Ironically, the first time I heard the song was when Australian punk band The Scientists did it as the b-side of a single in the early 1980s. Pretty Colours came off one of Frank Sinatra’s 70s records, Cycles, which was a great record.
The album opens with Flatlands, by new artist, Chelsea Wolfe . . .
She’s a current artist who is about to explode. I think she’s really really fantastic, and she’s on the cusp of becoming very well known. She’s awesome.
You also tackle Deepest Shade, by your friend and fellow Gutter Twin, Greg Dulli . . .
That was a song that Greg first recorded for a Twilight Singers record, and then didn’t put it on the record. In the 1990s he gave me a CD of the song, and said, I think this song would be great with you singing it, and I thought so too.
He’s back on the road with Afghan Whigs, and Soundgarden have reformed. Is a Screaming Trees reunion on the cards?
No, I don’t think that’s gonna happen. Not interested. I was excited when the Afghan Whigs got back together. Soundgarden are good friends of mine. I totally get why they’d want to do it. It’s their music, it’s their band. It’s their right to do it. But it’s not something I’m interested in doing with Screaming Trees.
Your folky cover of Mack the Knife is so different to the swing band version we’re all familiar with . . .

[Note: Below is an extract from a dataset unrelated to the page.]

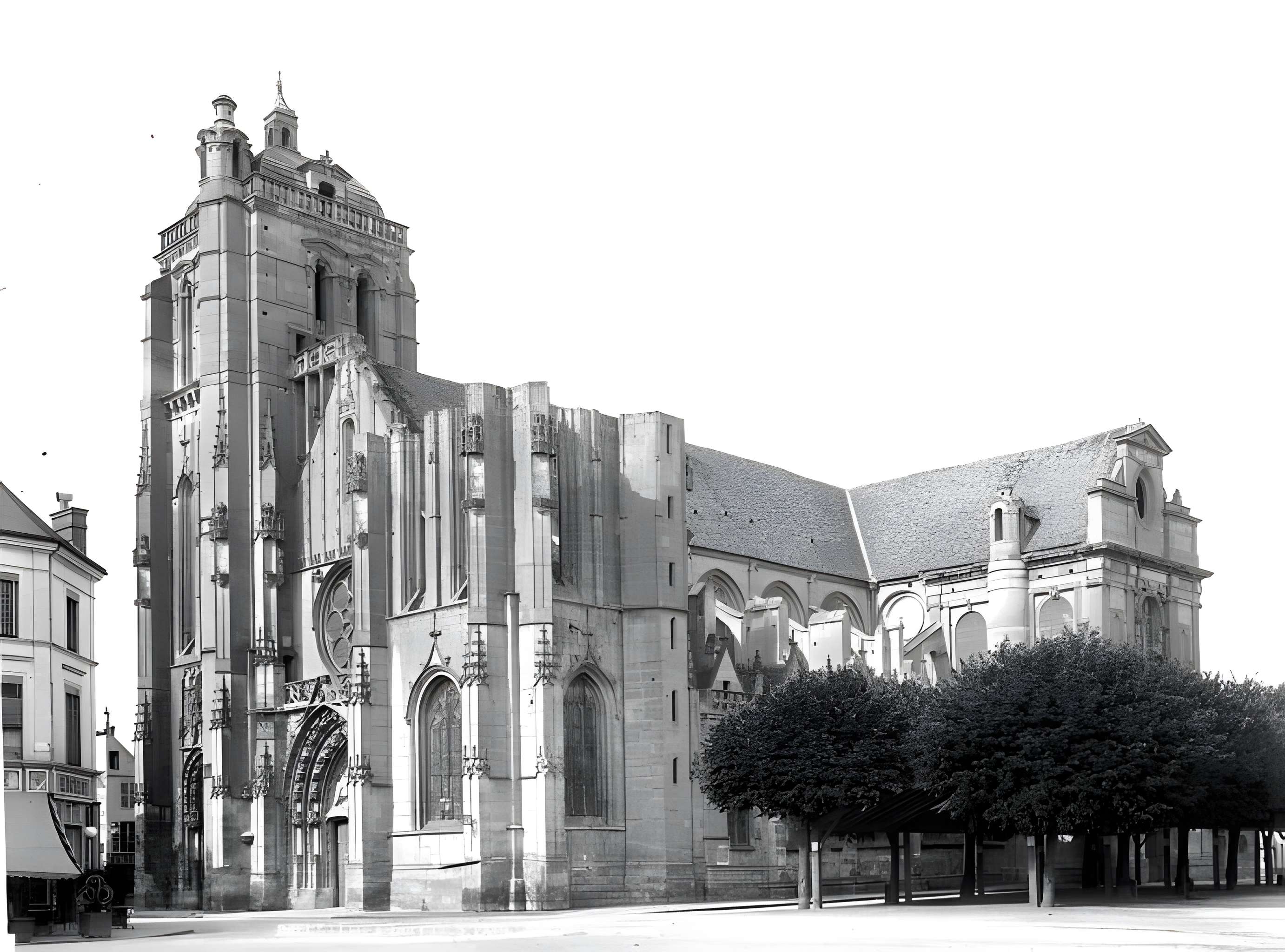 Église Saint-Pierre de Dreux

Well, I pretty much copied my version note for note from a Dave Van Ronk version. Big fan of Dave Van Ronk, and the way he did that song, I thought, wow, there’s a sadness and a darkness to that song.
You do a song in French – Elégie Funèbre by Gérard Manset. Pourquoi?
I’ve been a big fan of Manset for a long time. I’m sort of obsessed with his records. And his people got a hold of me and asked me if I wanted to do a version of that song for his new record – he’s in his late 60s.
That song in particular was real fun, because it was so oddball for me to be singing in French. But all the songs on the record I chose because I loved them, and I thought it would be fun to sing them. And they were.